Required work >> Please return only the lines from the one holding "Square Counter Height Table - Black Wood" through the one holding "VILLCASE 10 Pairs", exactly as they appear in the records below, both ends included.

┄┄┄┄┄┄┄┄┄┄

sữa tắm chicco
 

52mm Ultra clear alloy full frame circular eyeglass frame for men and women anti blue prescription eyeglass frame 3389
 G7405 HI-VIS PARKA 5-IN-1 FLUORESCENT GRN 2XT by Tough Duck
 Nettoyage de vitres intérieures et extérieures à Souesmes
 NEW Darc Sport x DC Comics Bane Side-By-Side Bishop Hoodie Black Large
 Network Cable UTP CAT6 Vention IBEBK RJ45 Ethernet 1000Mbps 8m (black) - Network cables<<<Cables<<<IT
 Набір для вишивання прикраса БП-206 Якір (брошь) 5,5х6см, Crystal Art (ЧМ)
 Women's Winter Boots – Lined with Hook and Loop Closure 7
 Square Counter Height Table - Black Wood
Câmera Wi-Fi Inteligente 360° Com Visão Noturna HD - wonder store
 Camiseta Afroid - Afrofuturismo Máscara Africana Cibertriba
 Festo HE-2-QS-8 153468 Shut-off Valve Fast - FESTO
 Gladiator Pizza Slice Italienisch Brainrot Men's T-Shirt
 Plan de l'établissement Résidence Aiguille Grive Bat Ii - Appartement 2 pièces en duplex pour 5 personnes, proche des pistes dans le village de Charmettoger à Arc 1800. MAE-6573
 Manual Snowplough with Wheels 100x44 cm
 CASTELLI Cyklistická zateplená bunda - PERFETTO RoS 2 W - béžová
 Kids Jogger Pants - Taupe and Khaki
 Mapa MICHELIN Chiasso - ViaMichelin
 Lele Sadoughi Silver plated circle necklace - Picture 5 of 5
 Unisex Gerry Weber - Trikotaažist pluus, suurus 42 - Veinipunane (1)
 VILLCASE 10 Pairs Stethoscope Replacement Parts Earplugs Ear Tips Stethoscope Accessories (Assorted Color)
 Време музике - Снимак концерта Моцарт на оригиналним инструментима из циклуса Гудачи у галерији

┄┄┄┄┄┄┄┄┄┄

Result for this task >>
 Square Counter Height Table - Black Wood
Câmera Wi-Fi Inteligente 360° Com Visão Noturna HD - wonder store
 Camiseta Afroid - Afrofuturismo Máscara Africana Cibertriba
 Festo HE-2-QS-8 153468 Shut-off Valve Fast - FESTO
 Gladiator Pizza Slice Italienisch Brainrot Men's T-Shirt
 Plan de l'établissement Résidence Aiguille Grive Bat Ii - Appartement 2 pièces en duplex pour 5 personnes, proche des pistes dans le village de Charmettoger à Arc 1800. MAE-6573
 Manual Snowplough with Wheels 100x44 cm
 CASTELLI Cyklistická zateplená bunda - PERFETTO RoS 2 W - béžová
 Kids Jogger Pants - Taupe and Khaki
 Mapa MICHELIN Chiasso - ViaMichelin
 Lele Sadoughi Silver plated circle necklace - Picture 5 of 5
 Unisex Gerry Weber - Trikotaažist pluus, suurus 42 - Veinipunane (1)
 VILLCASE 10 Pairs Stethoscope Replacement Parts Earplugs Ear Tips Stethoscope Accessories (Assorted Color)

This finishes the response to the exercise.